# 2015 NJ Snow Storms



## ken643 (Mar 27, 2009)

A few videos from this season. Sorry the dates and times are wrong, didnt set camera. The higher the file number the later in the season the storm. Enjoy!


----------



## fatheadon1 (Dec 27, 2007)

Good work as always ken, love that jeep.


----------



## ken643 (Mar 27, 2009)

fatheadon1;1979925 said:


> Good work as always ken, love that jeep.


Thanks very muchThumbs Up


----------



## Burkartsplow (Nov 1, 2007)

Looks great. Did you put pro wings on the plow?


----------



## mkwl (Jan 21, 2005)

How's the jeep do with heavy, wet snow, say 6" or so? I've thought about getting 2 identical jeeps to do driveways only, but have worried about how they would do pushing uphill with heavy, wet snow…

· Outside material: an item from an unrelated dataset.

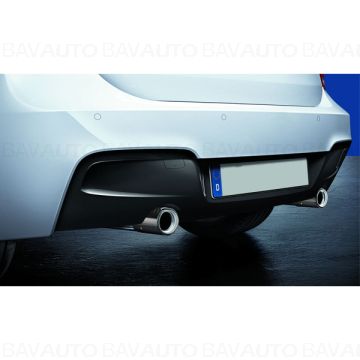18302286255 - Ornament toba Carbon BMW M Performance pentru Seria 1 F20, F21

Sure can't beat them for maneuverability though!


----------



## ken643 (Mar 27, 2009)

Burkartsplow;1981543 said:


> Looks great. Did you put pro wings on the plow?


Yes I put them on about 2 years ago. They work very well. That being said I have wacked them a few times and needed some welding repairs. I also had my buddy make the wings taller welding on some steel. Keep more of the snow from rolling over the top of the wing. Could actually be a little taller yet.


----------



## ken643 (Mar 27, 2009)

mkwl;1982370 said:


> How's the jeep do with heavy, wet snow, say 6" or so? I've thought about getting 2 identical jeeps to do driveways only, but have worried about how they would do pushing uphill with heavy, wet snow…
> 
> Sure can't beat them for maneuverability though!


I have been plowing with this Jeep since 2009. The Jeep is an animal. Heavy wet snow level ground no problem depending on the length of the push. Straight blade of course. Angle the blade and it will eventually push the Jeep to the side. I maintain all of my accounts so I'm not pushing a foot of snow at a clip. I have had no problems with even the occasional foot of snow push. I have the best tires I think you can buy (Blizzacks) and I have a Rubicon with locking axles, but I have only needed to lock them like once or twice. Jeeps are just flat out perfect for driveways and small parking lots. Even a large lot could be done just more trips.


----------



## Rick547 (Oct 9, 2009)

Ken, enjoyed your videos very much. You have one bad a$$ jeep!


----------



## ken643 (Mar 27, 2009)

Rick547;1984383 said:


> Ken, enjoyed your videos very much. You have one bad a$$ jeep!


Thank you very much!Thumbs Up


----------